とりあえず、俺は鈴仙に降ろしてもらった。

 

 

「あ、勇人じゃん、元気か?」

 

「この体を見てそう思えるのか君は?」

 

 

何処からともなく全ての原因の輝夜が現れた。もう、こいつのせいでどれだけ苦労してる事か…………!

 

 

「フッ、元に戻った時は覚えとけよ!」

 

「はいはい、怖い怖い」

 

「そう言いながら頭を撫でるんじゃねぇ!」

 

「いいじゃんいいじゃん、減るもんないし」

 

「本当に覚えとけよ…………ッ!」

 

「で、鈴仙は勇人を連れて来てどうするつもりなの?まさか、食べる気?」

 

 

食べるの意味は深くは聞かない。ていうか聞きたくない。

 

 

「そ、そんな訳無いじゃないですか!…………確かに食べちゃいたいくらいには可愛いですけど…………す、少し勇人さんに構ってもらうだけです!」

 

「…………そ、そう。それじゃあ勇人頑張ってね〜」

 

 

頑張ってねって何をだよ。

 

 

「と、とりあえず私の部屋に行きましょう!」

 

「え、ちょっ…………」

 

 

 

 

 

 

ーーーーーーーーーーーーーーーーーーーーーー

 

 

 

 

 

 

 

「はぁあ…………可愛いですね〜」

 

 

今、ただ鈴仙の膝の上に乗せられひたすら頭を撫でられている。

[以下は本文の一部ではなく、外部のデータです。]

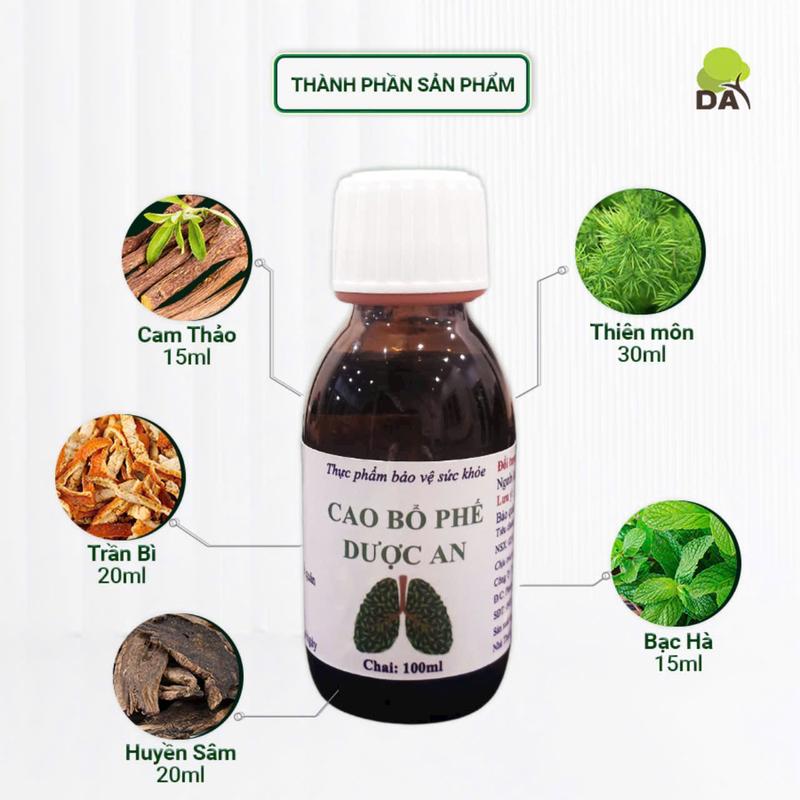 Cao ho bổ phế Dược An giúp bổ phổi, long đờm, giảm ho hen, viêm phế quản (Chai 100ml) 2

気持ちよくなんかないから…………別に気持ちよくなんか…………

 

 

「こんな見た目なんですから本当の昔の勇人さんは性格も可愛かったんでしょうね」

 

「まさか、ただのクソガキだったと思うぞ」

 

「ええ、そんな訳無いですよ」

 

 

小学校の時から可愛げが無いとか何を考えてるのか分からないとか色々と言われた事があるが可愛いとか言われた事がない。

 

小学校以前は…………んー…………何かあったけ?

 

怪訝な顔をする俺に

 

 

「どうしたんですか?」

 

「いやー、昔の事を思い出そうとしたんだけど…………中々思い出せなくて」

 

「そう時もありますよ。でも、そんな顔したら可愛い顔が台無しですよ!」

 

「うん、その言葉は男に送る言葉じゃない」

 

 

可愛い可愛いとか言ってたら、もう泣くぞ!?

 

 

「ふぁ〜、もう眠い…………」

 

「眠いんですか?なら、私の膝を枕に」

 

「それは…………悪…………いよ」

 

「今日は私に甘えると言う約束ですから、存分に甘えちゃってください」

 

「…………そうする」

 

 

あっという間に意識は深い闇へと落ちた。

 

 

 

 

 

 

 

ーーーーーーーーーーーーーーーーーーーーーー

 

 

〜後日談〜

 

鈴仙はちゃんと約束を果たし、解毒剤を渡してくれて元に戻った。その時に何人か残念がったとか無かったとか。

後、寺子屋は週に2日は休みが取れるように調整したらと提言した結果、週2日の休みを手にする事ができた。